Personal information
- Full name: Edgar Ratcliffe
- Born: 19 January 1863 Liverpool, Lancashire, England
- Died: 29 July 1915 (aged 52) Birmingham, Warwickshire, England
- Batting: Unknown
- Bowling: Unknown

Domestic team information
- 1884: Lancashire

Career statistics
| Competition | First-class |
| Matches | 4 |
| Runs scored | 67 |
| Batting average | 9.57 |
| 100s/50s | –/– |
| Top score | 28 |
| Balls bowled | 47 |
| Wickets | 1 |
| Bowling average | 43.00 |
| 5 wickets in innings | – |
| 10 wickets in match | – |
| Best bowling | 1/10 |
| Catches/stumpings | 2/– |
- Source: Cricinfo, 18 March 2015

= Edgar Ratcliffe =

English cricketer

Edgar Ratcliffe (19 January 1863 - 29 July 1915) was an English cricketer. Born at Liverpool, Lancashire, he made four appearances in first-class cricket.

Ratcliffe played the majority of his club cricket for Sefton Park, before making his first-class cricket debut for Lancashire in 1884 against Kent at Old Trafford, in what was his only appearance for Lancashire.

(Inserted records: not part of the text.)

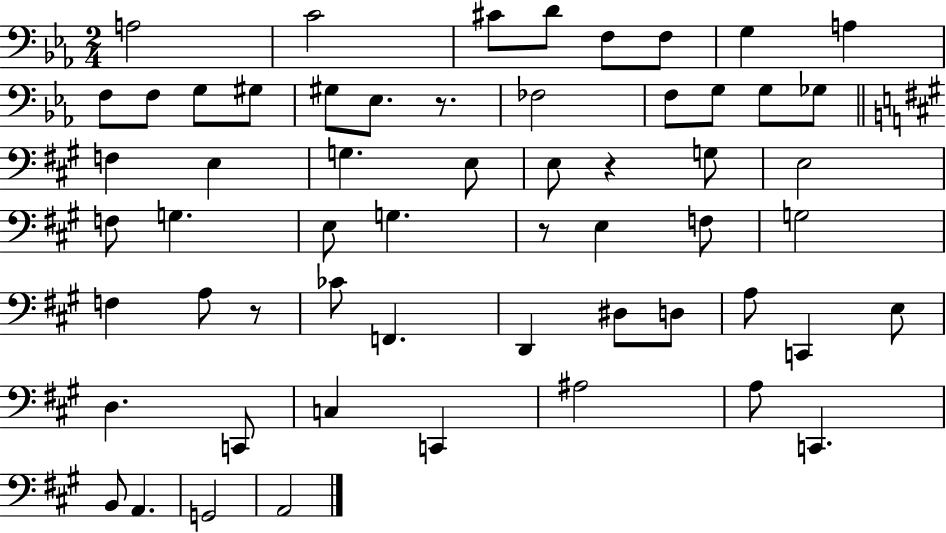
{
  \clef bass
  \numericTimeSignature
  \time 2/4
  \key ees \major
  \repeat volta 2 { a2 | c'2 | cis'8 d'8 f8 f8 | g4 a4 | \break f8 f8 g8 gis8 | gis8 ees8. r8. | fes2 | f8 g8 g8 ges8 | \break \bar "||" \break \key a \major f4 e4 | g4. e8 | e8 r4 g8 | e2 | \break f8 g4. | e8 g4. | r8 e4 f8 | g2 | \break f4 a8 r8 | ces'8 f,4. | d,4 dis8 d8 | a8 c,4 e8 | \break d4. c,8 | c4 c,4 | ais2 | a8 c,4. | \break b,8 a,4. | g,2 | a,2 | } \bar "|."
}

He made further first-class appearances for the Liverpool and District cricket team, playing against the touring Australians in 1886, and twice against Yorkshire in 1887 and 1889. He scored a total of 67 runs in his four first-class matches, with a top score of 28, as well as taking a single wicket.

He died at Birmingham, Warwickshire on 29 July 1915.